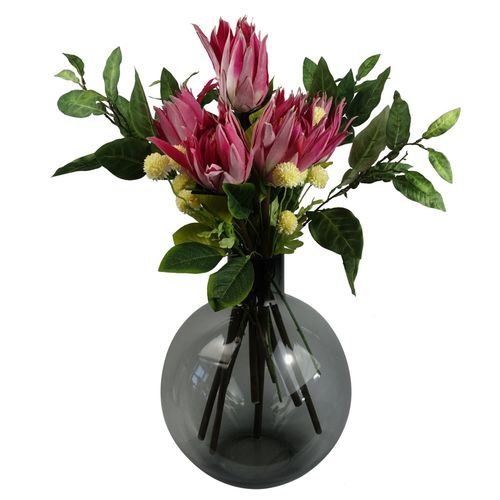 Pack of 6 Pink Protea Sugarbush Flower Stems 65cm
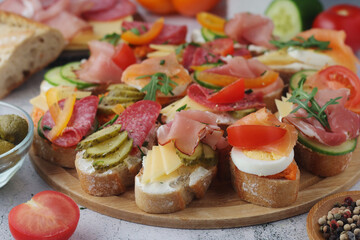 Oblozeny chlebicek or just chlebicek, traditional open sandwich in Czech Republic
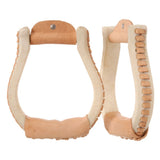 Tough 1 Leather Hand Laced 1" Wide Rawhide Oxbow Horse Stirrups Pair W/ 3" Neck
==================================================
§ **TASK GOAL**: Make a word-for-word repeat of the material, skipping all pictures.

§ **TASK OUTPUT**:
 Pack of 6 Pink Protea Sugarbush Flower Stems 65cm
 Oblozeny chlebicek or just chlebicek, traditional open sandwich in Czech Republic
 Tough 1 Leather Hand Laced 1" Wide Rawhide Oxbow Horse Stirrups Pair W/ 3" Neck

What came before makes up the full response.